My server has some strange behaviour and I just cant find the cause. I've been looking everywhere.
I will pay 200$ worth of bitcoin to anyone who can figure this out.
The problem:
When requesting any resource from apache (page, image, css, js), it sometimes takes a very long time to respond. About half of the time, the connection gets reset. (on Chrome: net::ERR_CONNECTION_RESET) This happens rarely, randomly and is absolutely unpredictable. More confusingly, while the one request seems to hang, I can make additional requests that work perfectly.
About the server:
I'm running apache2.4 mpm-prefork with php7.0 on debian 9. The apache module uses mod_rewrite and an ssl-certificate from certbot. On some occasions, php invokes inkscape to render svgs to png.
The server load is very low (0.02) and nothing but apache runs on it.
Things checked:
- checked all server logs. (syslog, apache log) - nothing
- increased the apache mpm-prefork limits - nope
- checked for possible DNS problems - nothing
- I even moved to a completely new root server (on a different provider) - still the same
I went on and analyzed the tcp traffic with Wireshark, and there is some suspicious behavoir. When the connection is freezing, there are some TCP Out-of-Order, Retransmission and ACKed unseen segment packets... but I don't have the necessary low-level knowledge to tell what's going on.
Any hints would be greatly appreaciated!
EDIT:
This is the mpm_prefork config:
<IfModule mpm_prefork_module>
StartServers 10
MinSpareServers 10
MaxSpareServers 50
MaxRequestWorkers 300
MaxConnectionsPerChild 0
</IfModule>
EDIT EDIT:
I had luck and got a tcp sniffer running on both server and client when it happened once again. Here are the pcap files, cropped to the last ~30 seconds.
If anyone with the knowledge could take a quick look at it and tell me what's going on, I'd be thrilled.
EDIT EDIT EDIT:
I managed to make the error reproducable, atleast with KeepAlive on.
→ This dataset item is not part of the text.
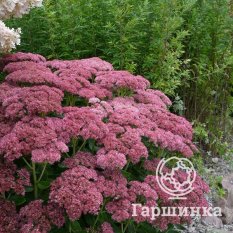 Очиток Brilliant (Бриллиант)-1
When a request is finished and the content is served, the tcp connection closes with a FIN-ACK after 5 seconds. When making another request in the time window of 5-12 seconds after the FIN-ACK, the connection freezes.
With KeepAlive off however, this doesnt happen anymore, tho the error occures even more often when loading multiple resources at the same time. But then it's not reproducable anymore.